Quindi, secondo i giudici del Consiglio di Stato, l'atto matrimoniale all'estero tra due persone dello stesso sesso "risulta sprovvisto di un elemento essenziale (nella specie la diversità di sesso dei nubendi) ai fini della sua idoneità a produrre effetti giuridici nel nostro ordinamento".
L'atto appare, più che nullo, "inesistente", visto che manca "di un elemento essenziale della sua stessa giuridica esistenza". E dunque "il matrimonio omosessuale deve intendersi incapace, nel vigente sistema di regole, di costituire tra le parti lo status giuridico proprio delle persone coniugate proprio in quanto privo dell'indefettibile condizione della diversità di sesso dei nubendi, che il nostro ordinamento configura quale connotazione ontologica essenziale dell'atto di matrimonio".

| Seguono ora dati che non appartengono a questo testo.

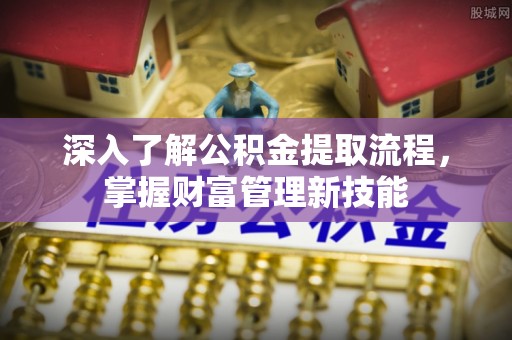 会同深入了解公积金提取流程，掌握财富管理新技能
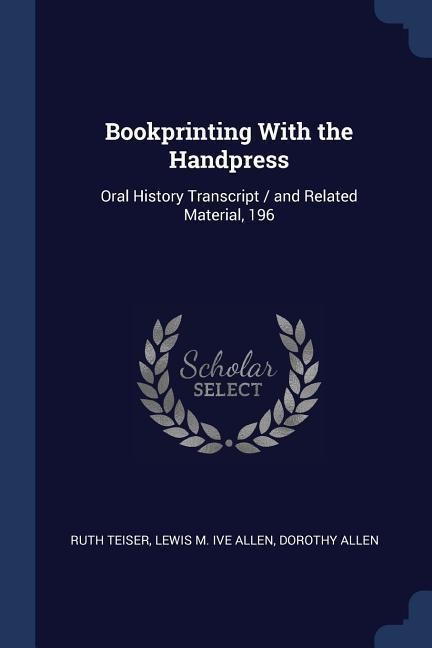 Bookprinting With the Handpress: Oral History Transcript / and Related Material, 196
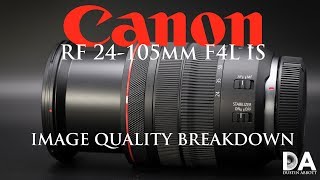 Canon RF 24105mm F4L IS Image Quality Breakdown  4K [upl. by Eran]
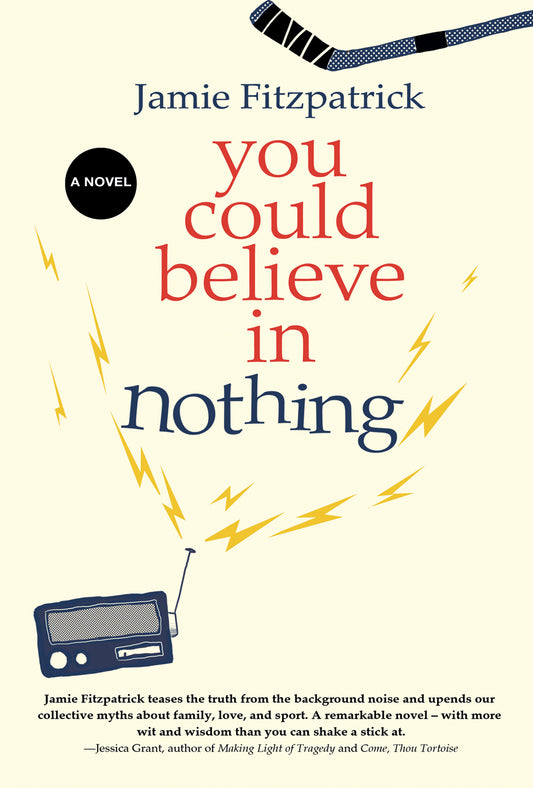 You Could Believe in Nothing - Agricola Street Books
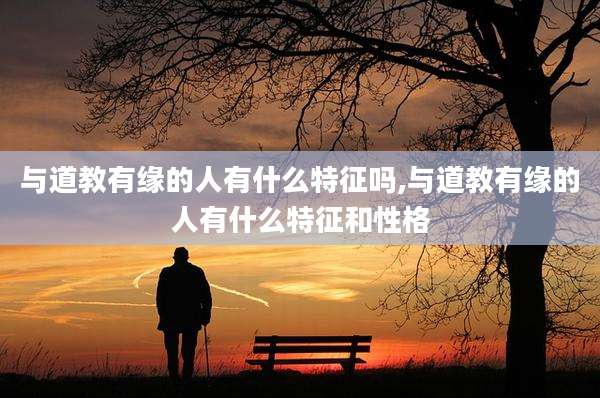 与道教有缘的人有什么特征吗,与道教有缘的人有什么特征和性格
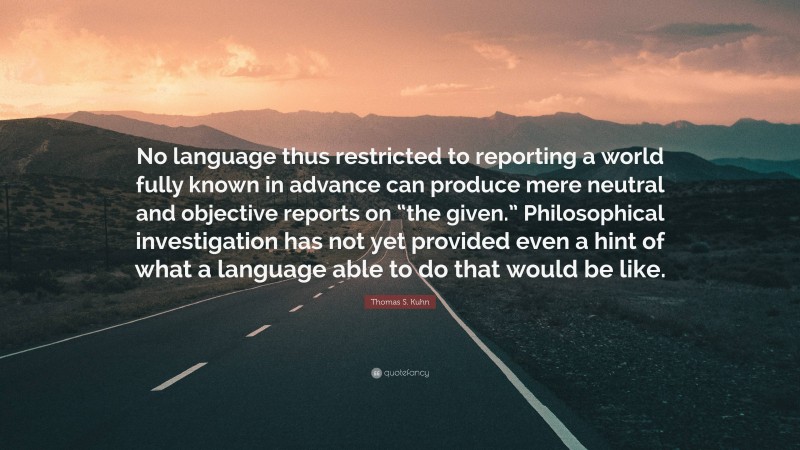Thomas S. Kuhn Quote: “No language thus restricted to reporting a world fully known in advance can produce mere neutral and objective reports on “the given.” Philosophical investigation has not yet provided even a hint of what a language able to do that would be like.”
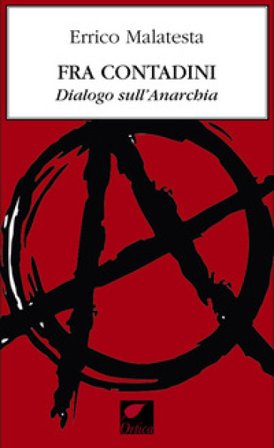 Fra contadini. Dialogo sull'anarchia Errico Malatesta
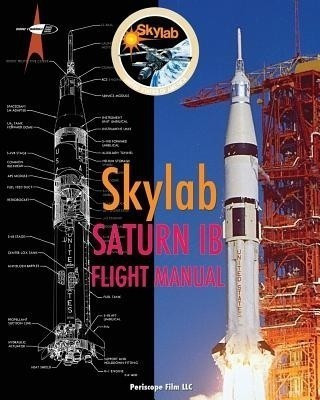 Skylab Saturn Ib Flight Manual(English, Paperback, NASA)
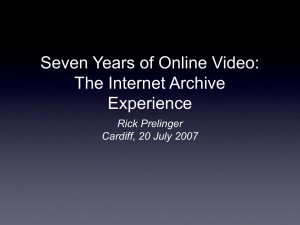 http://www.jisc.ac.uk/media/documents/programmes/digitisation/digiconf07prelinger.ppt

La sentenza interviene poi anche su un altro aspetto e cioè sulla legittimità della decisione del prefetto di Roma (all'epoca Giuseppe Pecoraro, ndr) di annullare le trascrizioni delle unioni omosessuali all'estero disposte dal sindaco Ignazio Marino. Il Tar aveva negato al prefetto questo potere, "reputando la relativa potestà riservata in via esclusiva al giudice ordinario". Il Consiglio di Stato ribalta la decisione sottolineando il "potere di annullamento gerarchico d'ufficio da parte del prefetto degli atti illegittimi adottati dal sindaco, nella qualità di ufficiale di governo, senza il quale, peraltro, il loro scopo evidente, agevolmente identificabile nell'attribuzione al prefetto di tutti i poteri idonei ad assicurare la corretta gestione della funzione in questione, resterebbe vanificato". Infatti, argomentano i giudici, "se si negasse al prefetto la potestà in questione, la sua posizione di sovraordinazione rispetto al sindaco (allorchè agisce come ufficiale di governo), in quanto chiaramente funzionale a garantire l'osservanza delle direttive impartite dal ministro dell'interno ai sindaci e, in definitiva, ad impedire disfunzioni o irregolarità nell'amministrazione dei registri di stato civile, rimarrebbe inammissibilmente sprovvista di contenuti adeguati al raggiungimento di quel fine".
La sentenza infine osserva che "il dibattito politico e culturale in corso in Italia sulle forme e sulle modalità del riconoscimento giuridico delle unioni omosessuali sconsiglia all'interprete qualsiasi forzatura (sempre indebita, ma in questo contesto ancor meno opportuna) nella lettura della normativa di riferimento che, allo stato, esclude, con formulazioni chiare e univoche, qualsivoglia omologazione tra le unioni eterosessuali e quelle omosessuali".